This November, Hauser & Wirth presents its first exhibition dedicated to the prints of noted British artist Catherine Goodman. This body of monotypes named ‘The ULAE Series’ emerged from Goodman’s 2024 residency at Universal Limited Art Editions (ULAE) on Long Island, marking both her first major exploration of printmaking and an expansion of her aesthetic vocabulary. ‘Much of the new language that was evolving in the prints followed me home to the studio in London and was translated into paint,’ she wrote in reflection of the experience—a cross-pollination made visible in a new painting developed from this period, also on view in this exhibition.
Goodman joins a distinguished lineage of modern and contemporary artists who have expanded their practices through printmaking at ULAE. Among them, Grace Hartigan and Helen Frankenthaler stand out in particular as kindred spirits—artists who, like Goodman, were devoted passionately to daily drawing and guided by instinct.
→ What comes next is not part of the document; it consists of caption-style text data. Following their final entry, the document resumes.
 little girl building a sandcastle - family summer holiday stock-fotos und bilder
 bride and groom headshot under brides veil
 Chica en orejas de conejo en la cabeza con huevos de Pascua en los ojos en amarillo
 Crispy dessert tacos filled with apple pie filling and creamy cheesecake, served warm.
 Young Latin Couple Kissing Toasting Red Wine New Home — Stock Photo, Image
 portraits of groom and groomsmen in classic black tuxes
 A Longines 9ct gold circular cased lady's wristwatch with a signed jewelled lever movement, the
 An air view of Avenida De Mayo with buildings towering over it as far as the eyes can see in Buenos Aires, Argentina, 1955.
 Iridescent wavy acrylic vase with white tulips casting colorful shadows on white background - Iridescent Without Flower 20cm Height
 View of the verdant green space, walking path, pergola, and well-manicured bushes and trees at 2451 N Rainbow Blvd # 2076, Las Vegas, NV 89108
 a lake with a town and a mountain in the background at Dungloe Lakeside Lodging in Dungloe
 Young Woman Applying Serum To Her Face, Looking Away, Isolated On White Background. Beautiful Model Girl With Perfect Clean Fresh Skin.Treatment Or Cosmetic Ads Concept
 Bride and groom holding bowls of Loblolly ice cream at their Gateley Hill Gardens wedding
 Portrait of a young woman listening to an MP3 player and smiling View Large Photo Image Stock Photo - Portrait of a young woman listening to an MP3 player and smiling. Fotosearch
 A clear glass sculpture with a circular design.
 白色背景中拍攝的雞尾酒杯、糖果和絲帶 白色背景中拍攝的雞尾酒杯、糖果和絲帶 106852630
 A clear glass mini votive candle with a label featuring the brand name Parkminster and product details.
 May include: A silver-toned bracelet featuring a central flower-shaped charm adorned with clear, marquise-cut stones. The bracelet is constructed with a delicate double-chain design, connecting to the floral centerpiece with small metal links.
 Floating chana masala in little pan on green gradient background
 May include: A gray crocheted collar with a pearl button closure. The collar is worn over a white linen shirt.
At ULAE, Goodman immersed herself in the unpredictable process of painting on and printing from copper plates. Working intuitively, she built up highly expressive, densely layered compositions, often laying down a black or grey calligraphic mark as starting point. Goodman sometimes carried works in progress home in the evening to adjust with an oil stick, forging an unorthodox dialogue between mediums.
‘Almost everyone I knew in the world was asleep because of the time difference to London, so I spent the evenings alone, drawing into the prints that hadn’t worked out for me that day. It was an extraordinarily intense time navigating my inner landscape, having an opportunity to review my life back home. It seems a time of innocence now.’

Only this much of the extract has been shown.